Collected data
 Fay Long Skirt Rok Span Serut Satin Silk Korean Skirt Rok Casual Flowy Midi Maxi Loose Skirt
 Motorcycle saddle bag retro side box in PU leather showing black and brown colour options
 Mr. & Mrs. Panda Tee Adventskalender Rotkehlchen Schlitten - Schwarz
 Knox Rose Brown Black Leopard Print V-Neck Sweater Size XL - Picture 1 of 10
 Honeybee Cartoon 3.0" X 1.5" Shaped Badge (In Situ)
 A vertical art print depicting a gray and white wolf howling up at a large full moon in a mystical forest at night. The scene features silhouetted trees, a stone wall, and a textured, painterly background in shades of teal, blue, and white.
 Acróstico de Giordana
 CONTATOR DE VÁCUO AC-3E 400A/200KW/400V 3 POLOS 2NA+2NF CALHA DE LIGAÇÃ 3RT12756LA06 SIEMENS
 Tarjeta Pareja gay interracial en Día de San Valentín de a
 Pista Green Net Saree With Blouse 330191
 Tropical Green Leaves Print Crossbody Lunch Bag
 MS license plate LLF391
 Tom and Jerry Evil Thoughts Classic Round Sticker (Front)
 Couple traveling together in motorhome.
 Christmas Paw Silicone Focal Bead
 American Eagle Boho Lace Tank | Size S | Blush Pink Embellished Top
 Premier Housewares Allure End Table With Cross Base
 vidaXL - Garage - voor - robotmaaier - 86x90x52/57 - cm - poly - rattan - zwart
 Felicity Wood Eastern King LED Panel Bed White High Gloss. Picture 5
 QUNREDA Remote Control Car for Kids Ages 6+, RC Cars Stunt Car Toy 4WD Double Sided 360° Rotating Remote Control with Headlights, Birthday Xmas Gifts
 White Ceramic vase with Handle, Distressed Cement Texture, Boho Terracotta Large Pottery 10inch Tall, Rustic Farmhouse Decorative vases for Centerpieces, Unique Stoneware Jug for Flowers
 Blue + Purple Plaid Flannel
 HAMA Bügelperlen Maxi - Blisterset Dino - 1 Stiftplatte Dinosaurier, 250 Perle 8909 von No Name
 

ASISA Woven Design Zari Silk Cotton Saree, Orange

Exercise details:
Give back the records above exactly, limited to the lines between the one holding "Acróstico de Giordana" and the one holding "Felicity Wood Eastern", inclusive.

Response:
 Acróstico de Giordana
 CONTATOR DE VÁCUO AC-3E 400A/200KW/400V 3 POLOS 2NA+2NF CALHA DE LIGAÇÃ 3RT12756LA06 SIEMENS
 Tarjeta Pareja gay interracial en Día de San Valentín de a
 Pista Green Net Saree With Blouse 330191
 Tropical Green Leaves Print Crossbody Lunch Bag
 MS license plate LLF391
 Tom and Jerry Evil Thoughts Classic Round Sticker (Front)
 Couple traveling together in motorhome.
 Christmas Paw Silicone Focal Bead
 American Eagle Boho Lace Tank | Size S | Blush Pink Embellished Top
 Premier Housewares Allure End Table With Cross Base
 vidaXL - Garage - voor - robotmaaier - 86x90x52/57 - cm - poly - rattan - zwart
 Felicity Wood Eastern King LED Panel Bed White High Gloss. Picture 5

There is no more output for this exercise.